I've discussed the importance of protecting your identity and financial information, including regularly checking your credit, in a number of articles. The context of many of those articles was protecting your credit against outside exposures like identity theft and fraud, but when it comes to credit many Americans are their own worst enemies. I spoke about this recently with David Grosse, President of DebtReductionStore.com, a national debt reduction and credit-rehabilitation company and he shared some interesting insights. Most people get three basic levels of credit:

• Bad Credit. You can't get any credit to buy things you want, or even need in some cases. You are limited to cash or usurious interest rates in any major purchase. This means, for instance, that you can only buy an old, junker car for cash or from a gypsy car lot that's overpriced and has very high payments. This limits your mobility in other ways as well, as credit cards are often required for things like towing, airline tickets, and rental cars.

• Mediocre Credit. You can get credit in limited amounts at higher interest rates. You are limited in the amount of credit you can get and the rates you pay add a substantial cost and liability to any purchase you do make.

• Good Credit. You can reasonably be approved for purchases at commercially competitive rates and have access to major purchases of your choosing. Average "good credit" rates for credit card debt are just below 15 percent, bad or mediocre credit can cost double that, "At 30 percent someone carrying $5,000 in credit card debt and making the minimum payment will end up paying back over $132,000 (that's not a typo) and will take over 30 years to do so" according to a recent article at CreditSesame.com.

Hidden effects of bad credit

Unfortunately understanding how credit is rated ignores many of the hidden costs of bad credit. Grosse explained that in his view, the currency of many Americans is in fact debt, or rather the ability to acquire and predictably service it. Debt touches nearly every facet of our lives in quiet ways, and the use of your credit score, beyond the things you authorize it to be used for, is growing every day.

• Car insurance. Auto insurance carriers have incorporated your credit score into the magic algorithm that spits out your rates; low scores mean higher premiums, presumably because you are generally irresponsible. According to one report at CBSNews.com , "Drivers with poor credit pay twice as much, 91 percent more on average, than those with excellent credit scores, according to InsuranceQuotes.com. Those with average credit pay 24 percent more."

• Homeowner's insurance. As mentioned above, credit worthiness factors in to your premiums. According to the National Association of Insurance Commissioners, 95 percent of auto insurers and 85 percent of home insurers factor your credit into determining your rates.

• Employment opportunities. Many employers now routinely pull your credit score as part of their hiring process.
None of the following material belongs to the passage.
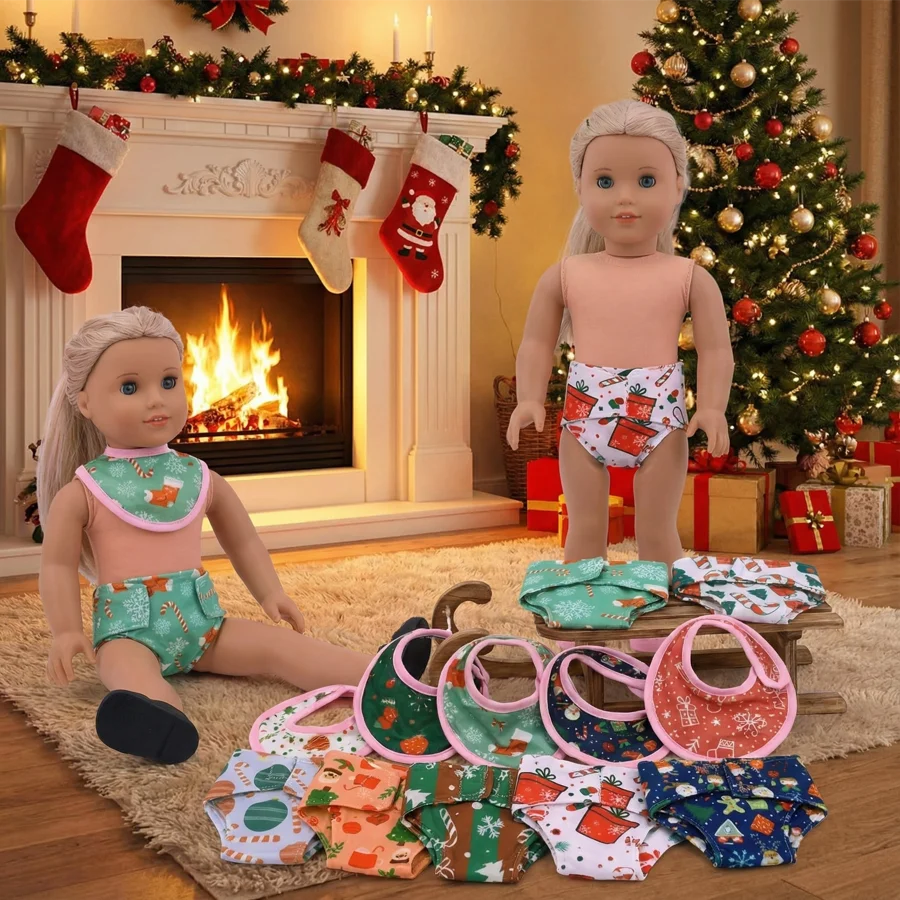 Schattig ondergoed kwijlen handdoek set 18 inch Amerikaanse pop en 43 cm pasgeboren babypop kleding kindercadeau, onze generatie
Reasons cited include determining the level of your financial responsibility and acumen, your trustworthiness, and as an indicator of future financial-related misconduct. Of course, not being accepted for a top-paying job as a result of a credit issue has a more immediate and tangible cost in a reduced salary as well.

• Cash flow and the ability to accumulate wealth. Simply put, with poor credit you will potentially make less money and pay more for everything you ever buy, that you don't pay cash for. In some cases you may end up paying double for the same item than someone with better credit; who can make the purchase for the same term, at a lower rate of interest. Or more likely, you might have to buy something that is less than what you wanted because of the cost of poor credit. So, a $20,000 auto loan at the rate you get with an 800-plus credit score might have a payment of $465, while the same loan at the rate paid with a 500 credit score would cost nearly $200 more per month as illustrated in a Washington Post  article.

The first step is checking your credit so you know what your score is and are sure it is accurate.